The concepts in the lecture on algorithmic speed (PDF, PowerPoint, Python code) may be helpful.
It's critical that you first determine where things are going wrong, and only afterward determine what is going wrong. In other words, don't spend a lot of time optimizing a part of your code that is not the performance bottleneck. Don't just guess at the problem: get data about it. This is similar to our recommended strategy for debugging: perform divide and conquer to localize the problem in the program text, or in the data, or in the time spent during the run of your program.
One approach is to run your program on progressively larger datasets to see how the running time changes — this is similar to the graphs that we drew in the lecture on algorithmic speed. For example, if you expect your program to take ten times as long to compute ten times as much data, but your program actually takes 30 or 100 times as long, then you have uncovered a slow algorithm.
Another approach is to write print statements to determine how long different parts of your program run.

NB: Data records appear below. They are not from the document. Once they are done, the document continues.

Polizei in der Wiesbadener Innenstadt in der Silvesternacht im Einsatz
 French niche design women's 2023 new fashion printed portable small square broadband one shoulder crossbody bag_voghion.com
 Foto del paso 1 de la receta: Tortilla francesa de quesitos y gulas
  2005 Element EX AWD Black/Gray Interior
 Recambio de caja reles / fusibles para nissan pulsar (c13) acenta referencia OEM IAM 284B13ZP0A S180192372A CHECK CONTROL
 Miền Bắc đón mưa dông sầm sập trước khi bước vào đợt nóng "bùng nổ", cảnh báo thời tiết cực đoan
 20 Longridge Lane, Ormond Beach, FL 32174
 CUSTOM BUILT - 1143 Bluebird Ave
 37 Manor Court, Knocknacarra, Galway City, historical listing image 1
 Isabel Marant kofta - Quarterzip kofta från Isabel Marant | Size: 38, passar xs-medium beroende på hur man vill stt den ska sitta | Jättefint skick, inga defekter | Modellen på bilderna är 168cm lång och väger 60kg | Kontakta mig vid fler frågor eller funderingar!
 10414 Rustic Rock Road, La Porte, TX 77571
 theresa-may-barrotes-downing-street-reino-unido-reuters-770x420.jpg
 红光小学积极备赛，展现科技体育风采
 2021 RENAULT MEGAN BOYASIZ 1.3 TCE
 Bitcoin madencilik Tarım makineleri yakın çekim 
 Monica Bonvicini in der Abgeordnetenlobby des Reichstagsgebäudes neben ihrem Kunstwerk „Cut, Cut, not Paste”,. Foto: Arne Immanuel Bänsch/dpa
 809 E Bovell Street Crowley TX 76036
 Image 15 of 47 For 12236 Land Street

Here are some things that might have gone wrong.
When you report any problem, it is essential that you provide complete information and that you indicate what you understand and what you have tried. Providing complete information means you should send the staff your code, cut-and-paste the exact command you ran, and cut-and-paste the exact, complete output — don't give a vague "I ran it and it didn't work". When you write what you understand and what you have tried (again, be specific!), you are likely to understand your problem better and may even solve it on your own. Even if not, then the staff won't waste time repeating things you have already tried (and they'll know that you did try rather than just using them as a crutch).
One excellent way to ask for help is to explain why you think the observed result is wrong or impossible. Why do you think your program should work, or why do you think that the output you see cannot happen? This often lets the staff quickly identify and correct a fundamental misunderstanding.
Don't expect the staff to just give you all the answers — that wouldn't be fair to you. But the staff will give you pointers in the right directions so that you can get unstuck and can learn on your own.